2) How much do coyote diets overlap native carnivores, and by what means might they establish a stable coexistence?
We constructed a timeline of coyote diet from the 1950s to today, and related coyote use of prey to changes in prey abundance. We documented dietary overlap among coyote, bobcat, gray fox and red fox using stable isotope analysis. Despite high use of deer, coyotes are not deer specialists. Rather, deer use depends on the abundance of primary prey, specifically snowshoe hare (historically) and beaver (currently). As coyotes increasingly exploit beaver populations, we expect use of adult deer to continue to decline.
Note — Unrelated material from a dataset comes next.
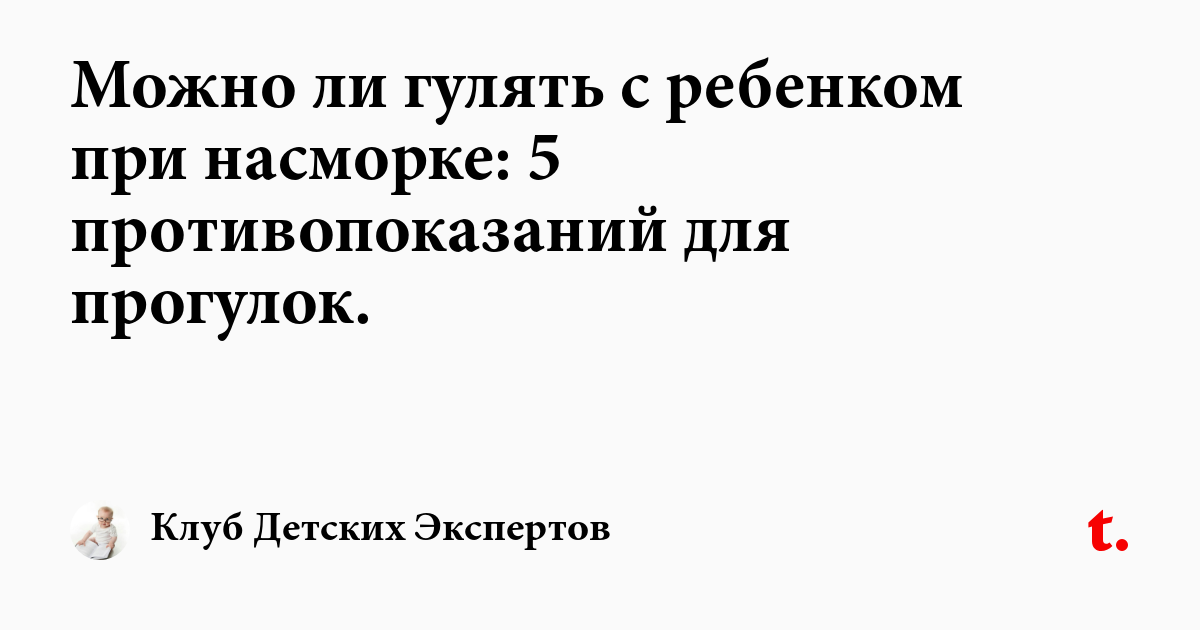 Можно ли гулять после. Можно ли гулять при насморке. Можно ли гулять при. Ребенок насморк можно гулять. Прогулки при простуде.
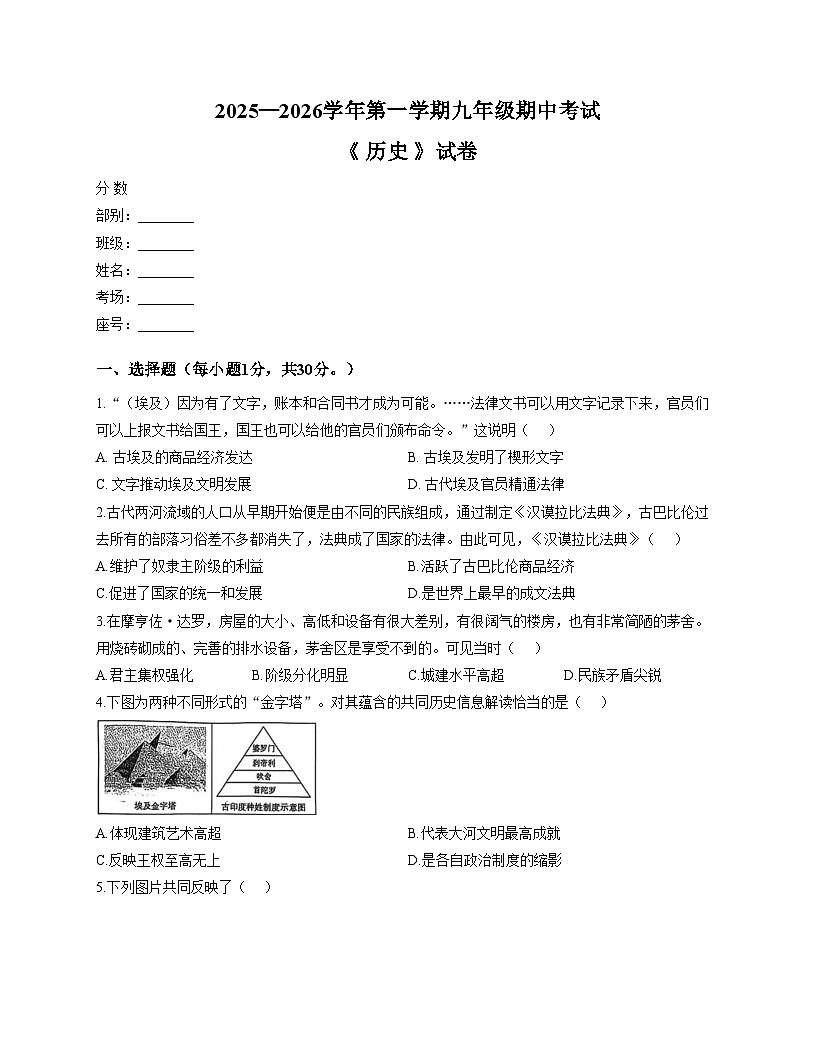 河南省新乡市名校联考2025_2026学年九年级上学期11月期中历史试题（扫描版，含答案）第1页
However, use of fawns remained constant despite primary prey availability, so if coyote numbers increase as a result of abundant beaver then total predation on fawns may increase too.
Native carnivores appear sufficiently flexible to achieve a stable coexistence with coyotes. Coyote, gray fox and red fox diets largely overlap, but fox coexist with coyotes by exploiting predation refuges – gray fox by climbing trees and red fox by occupying human-dominated areas. However, red fox use of human development may become problematic if it leads to increased human-wildlife conflict.